Whenever I feel I can’t express myself, when I feel pressed and pressured, I always have with me a book I love, to dive inside and take heart from. At the time, I had with me Pirandello’s short stories translated into French. Of the three volumes, I had only brought along the second one, so I began a disproportionately long story, more like a novella, which was fine with me because I wanted to lose myself for a long time in my reading.
Then the cannon fire that announces noon made my window shake. I opened the window and saw that not a single cloud had come to darken the satin sky. It was as if the day insisted I go out, and I insisted on sitting and worrying in my small room. There were no noises now, it was completely calm. The workers who had been installing the drainpipes were either done for the day, or on their lunch break; in the corridor there wasn’t a sound. I turned on the radio, and again I hit on the news. This time it was a Frenchman who had received a kidney transplant, talking about how wonderful he felt. I turned off the radio and sank into silence as deep as a lake.
However, this silence was not at all creative. It was not like the kind that makes fruit ripen. It was not like the silence of diving within oneself, when you find yourself rich in secret juices and you feed yourself on dreams, fertilizing your soil by discarding superfluous raw materials.
Mine was the silence of nervousness, a dissolving silence, like the kind that comes when you search with your antenna for a station and can’t pick it up on the small screen of your brain. That was it: a silence with stripes, flogged by lines of interference, when you can hear the voice but you can’t see the picture. I was empty, and my publisher’s commission could not fill me. I had been wrong to accept, even though I believed in the beneficial role of commissions, in the fact that books are written because somebody asks for them, Maecenases in the old days, the state nowadays, since nobody can write in the abstract.
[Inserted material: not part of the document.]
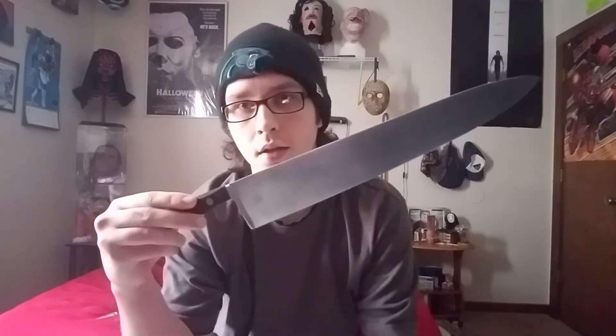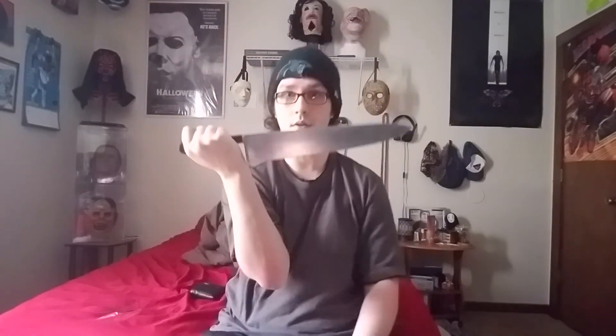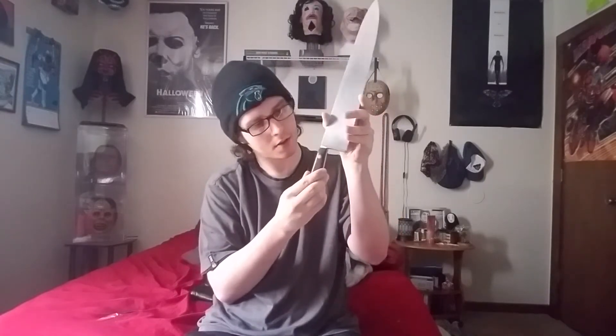This looks really cool — it's actually a lot bigger than the Rob Zombie knife. It looks like a real knife, way bigger. The handle actually says Lampson on it. Not sure if the camera can pick it up, but it says Lampson on there. It's an H1 knife.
In other words, I was meditating in a void, without my vegetable essences.
At the same time, I could feel all around me the suffocating vice of the industrial unit that is a hotel, working away while I remained sterile at my table.
Instead, I listened to the chambermaid’s vacuum cleaner, which had suddenly started up in the corridor, to the plumber, repairing the faucet in the room next door. When I ordered in a coffee so as to avoid going outside into the light of the street, the bellboy who brought it up to me and set it on my table, full of high spirits, said:
“Still working, are we?”
“Still working,” I replied. “What else?”
“Yesterday it almost snowed, and today the weather is so beautiful,” he said, just to say something.